[Materials provided Boundary: Start]

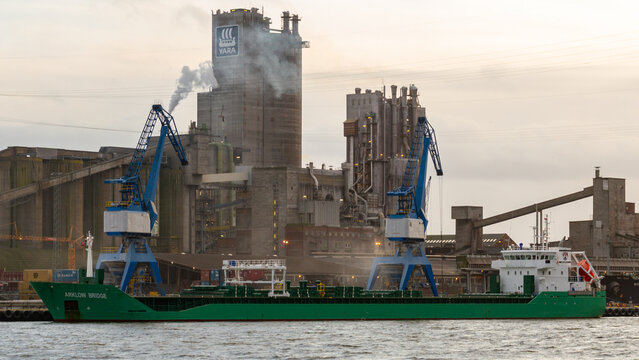 ARKLOW BRIDGE IMO 9433389 docked at YARA Port Porsgrunn Norway
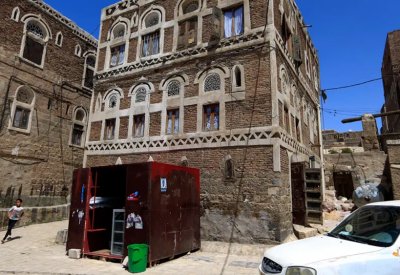 الحوثي يغلق مقاهي صنعاء.. منعاً للاختلاط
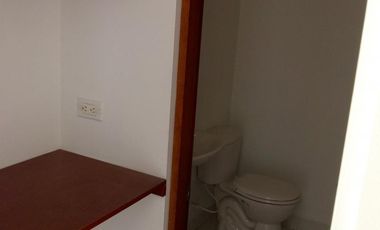 oficina en arriendo en 20 de julio ofichia. Cod A2782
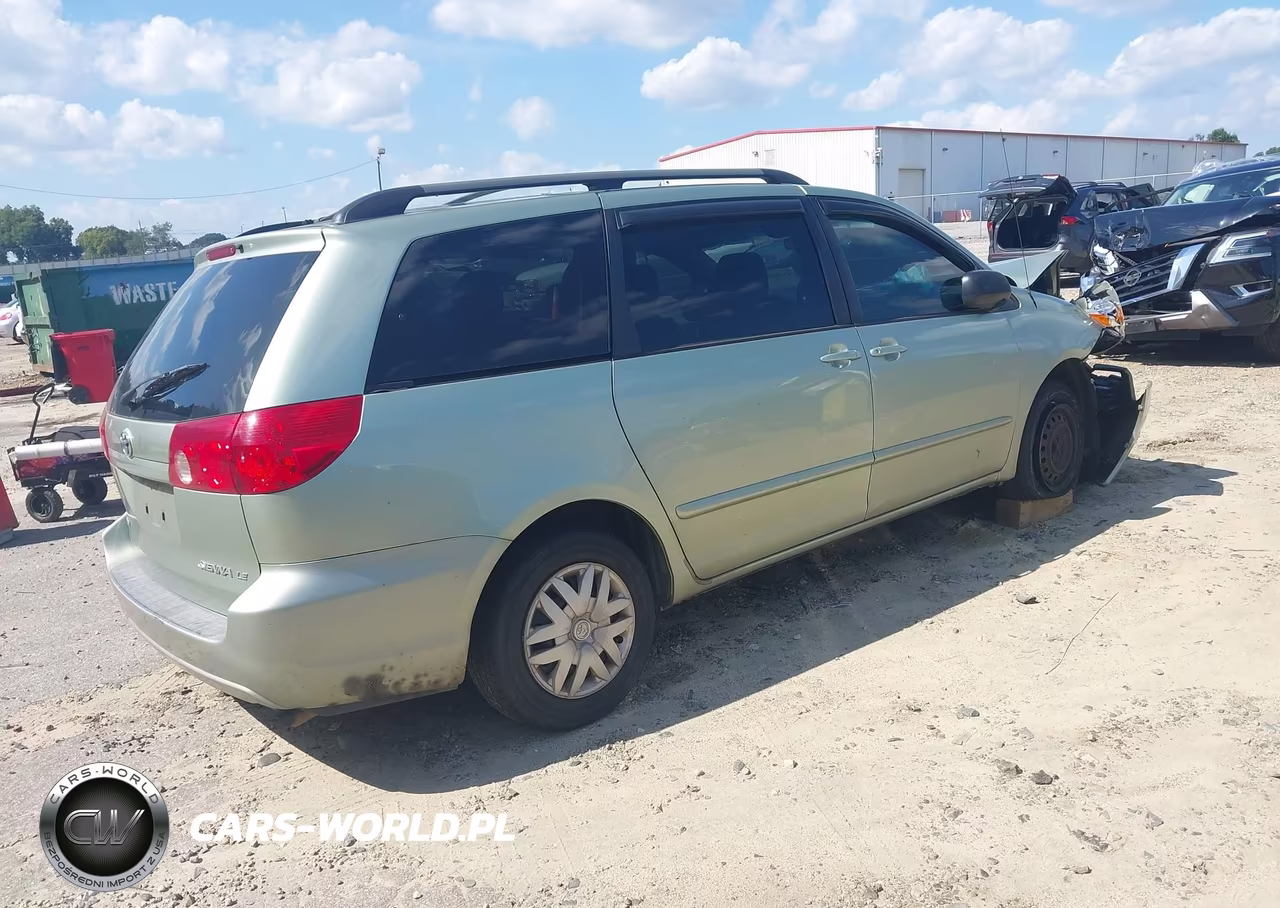 2009 Toyota Sienna Le VIN:5TDZK23C59S287154 - 4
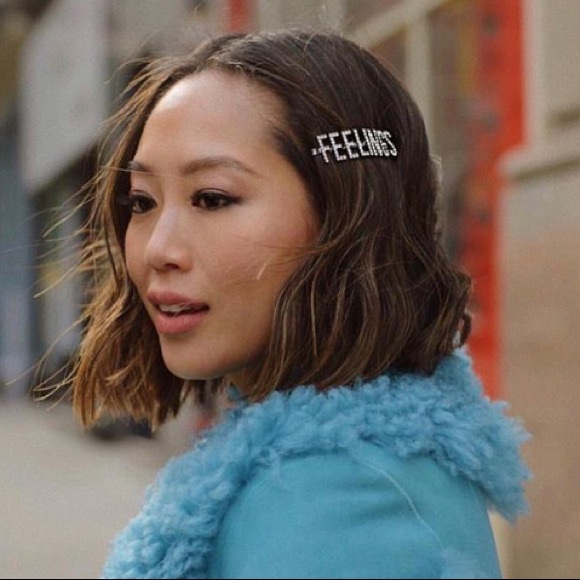 BOSS Rhinestone hair barrette clip NWT - Picture 5 of 7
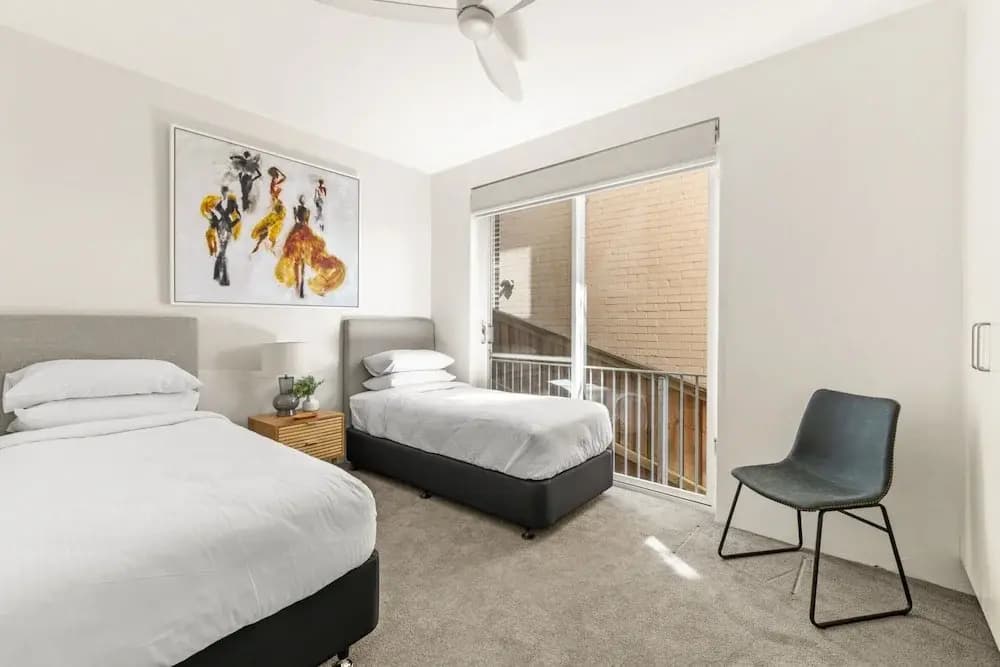 2-bed Harbourside Home With Views in Fab Location - photo 3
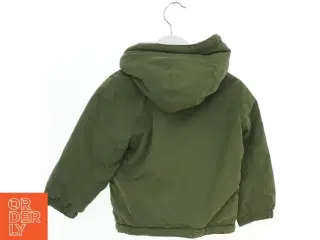 Grøn vinterjakke med hætte fra H&M (str. 86)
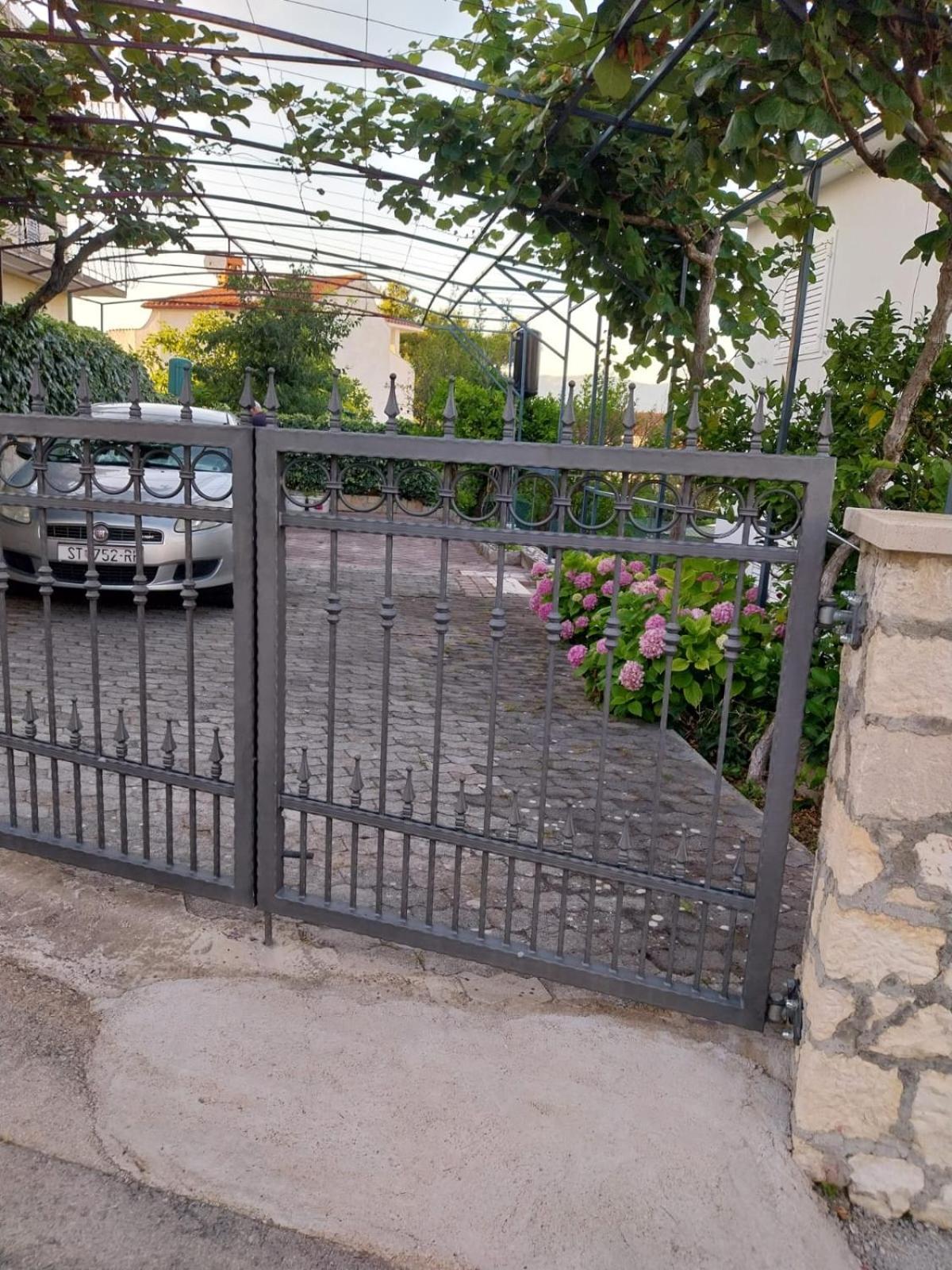 Apartment Miletic Trogir Bagian luar foto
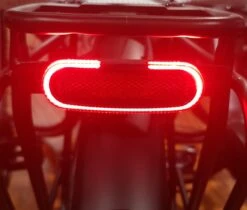 Fuxon Gepäckträgerrücklicht R-100-EB Mit Standlicht 50mm Schraubenabstand 6-12V Gleichspannung -BikeHub Verkäufe Fuxon Ruecklicht R 100 EB 6 12Volt 50mm fuer Gepaecktraeger 070 50197b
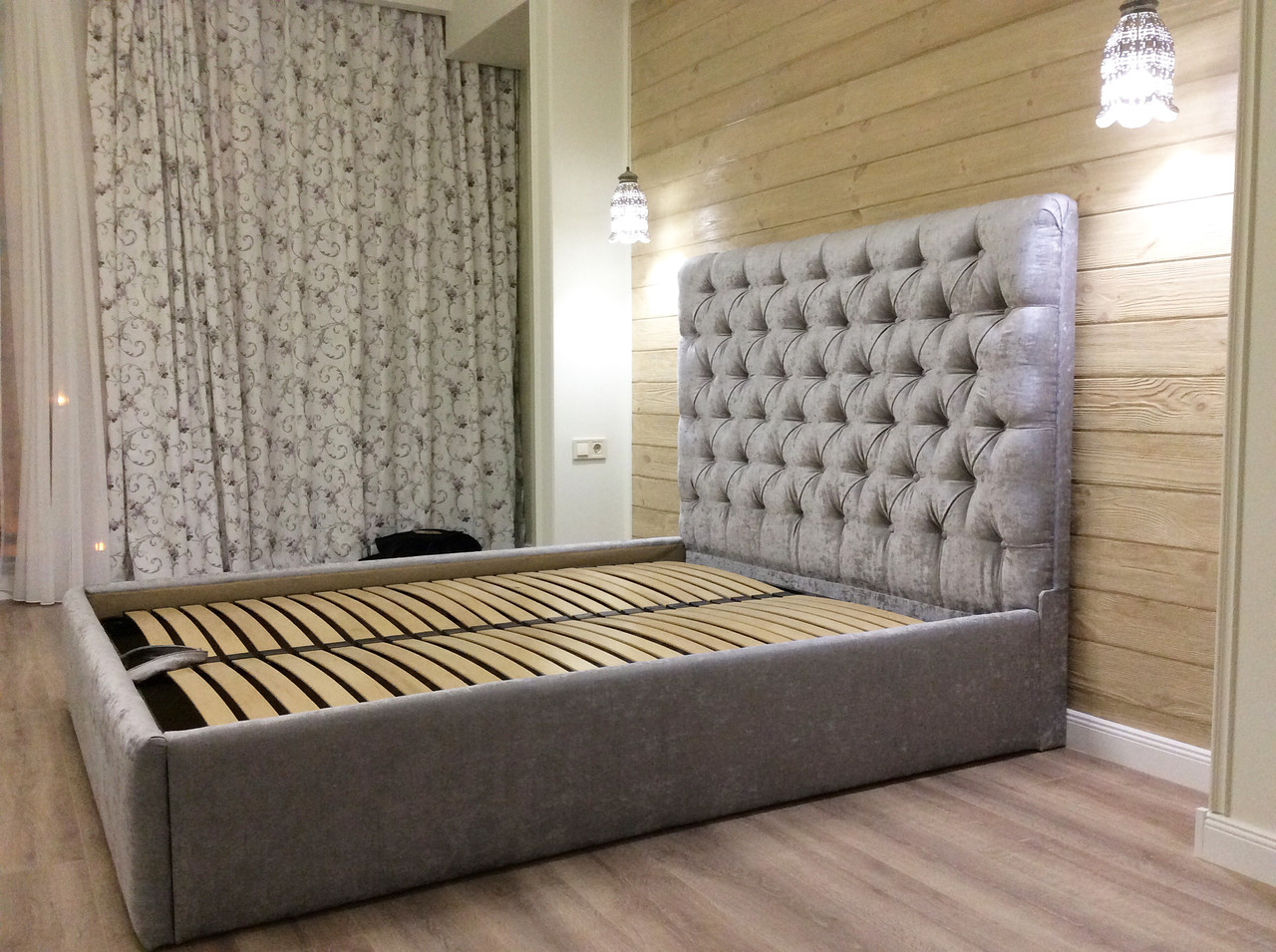 Двоспальне Ліжко Nice 160*200 з підйомним механізмом і м'яким високим узголів'ям честер з утяжка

[Materials provided Boundary: End]

To do: Your copy must begin at the line containing "الحوثي يغلق مقاهي صنعاء.. منعاً للاختلاط" and end at the last line of the material above. Reproduce each line exactly, but not the pictures.

Problem solution:
 الحوثي يغلق مقاهي صنعاء.. منعاً للاختلاط
 oficina en arriendo en 20 de julio ofichia. Cod A2782
 2009 Toyota Sienna Le VIN:5TDZK23C59S287154 - 4
 BOSS Rhinestone hair barrette clip NWT - Picture 5 of 7
 2-bed Harbourside Home With Views in Fab Location - photo 3
 Grøn vinterjakke med hætte fra H&M (str. 86)
 Apartment Miletic Trogir Bagian luar foto
 Fuxon Gepäckträgerrücklicht R-100-EB Mit Standlicht 50mm Schraubenabstand 6-12V Gleichspannung -BikeHub Verkäufe Fuxon Ruecklicht R 100 EB 6 12Volt 50mm fuer Gepaecktraeger 070 50197b
 Двоспальне Ліжко Nice 160*200 з підйомним механізмом і м'яким високим узголів'ям честер з утяжка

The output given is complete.